Terraform Module: AWS App Mesh — a versioned, default-deny service mesh boundary for ECS and EKS workloads

Quick take — A reusable hashicorp/aws ~> 5.0 Terraform module for AWS App Mesh: provisions an aws_appmesh_mesh with a deliberate egress filter and IP preference, plus optional virtual nodes and a virtual service, wired for production. New here?
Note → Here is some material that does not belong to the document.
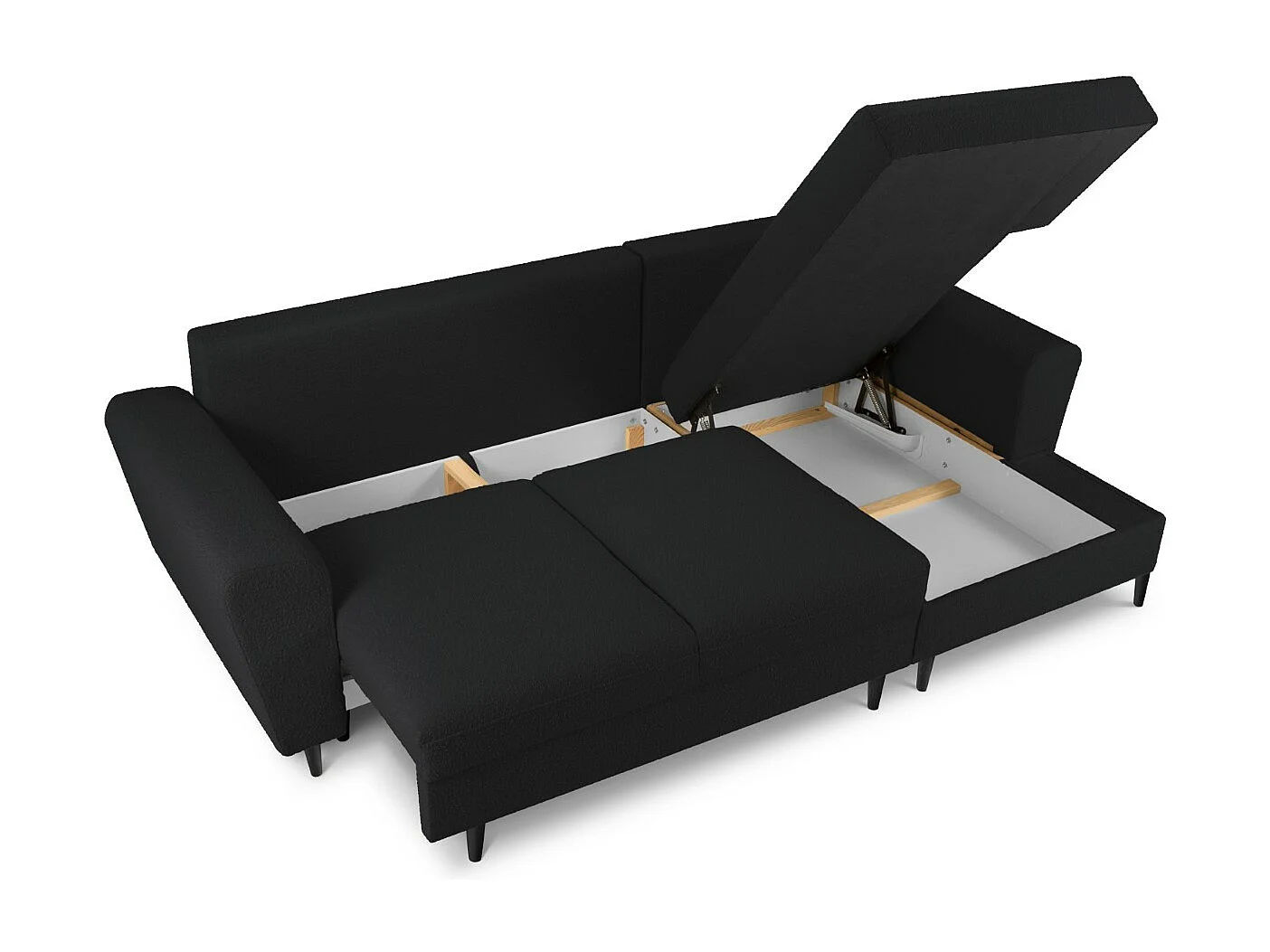 Cosmopolitan Design - Canapé d'angle droit convertible avec coffre de rangement "Kyoto" 4 places en bouclé noir - 241x145x88cm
Jump to the Quickstart below to deploy it in minutes; read on for how it works and when to reach for it.

Quickstart (copy-paste)

Minimal, runnable configuration — drop this in a .tf file and fill in the "..." placeholders (each required input is commented):

provider "aws" {
  region = "us-east-1"
}

module "app_mesh" {
  source = "git::https://dev.azure.com/teknohut/kloudvin/_git/terraform-modules//terraform-module-aws-app-mesh?ref=v1.0.0"

  mesh_name = "..."  # Name of the mesh; the boundary all nodes/routers/servic…
}

Then terraform init && terraform apply. Every other input has a sensible default — see Inputs below to override behaviour.

What this module is

AWS App Mesh is a managed application-level service mesh built on the Envoy proxy. It does not run your containers — it standardizes how the containers you already run on ECS, Fargate, or EKS talk to each other: client-side load balancing, retries, timeouts, circuit breaking, mutual TLS, and consistent L7 telemetry, all configured as data-plane rules rather than baked into application code. The mesh itself is the outermost object in that model: a logical boundary that every virtual node, virtual service, virtual router, and route lives inside. Get the mesh wrong — most commonly by leaving egress wide open — and every workload you later attach inherits that mistake.

The aws_appmesh_mesh resource looks almost trivial: a name and a small spec. But two spec decisions are quietly load-bearing in production. The egress filter controls whether Envoy sidecars are allowed to reach destinations outside the mesh (ALLOW_ALL) or are restricted to only the virtual services you have explicitly defined (DROP_ALL) — the difference between a permissive default and a default-deny posture where every external call is an audited, declared dependency. The service-discovery IP preference dictates whether Envoy resolves and dials backends over IPv4 or IPv6, which matters the moment you run dual-stack subnets or migrate toward IPv6-only networking.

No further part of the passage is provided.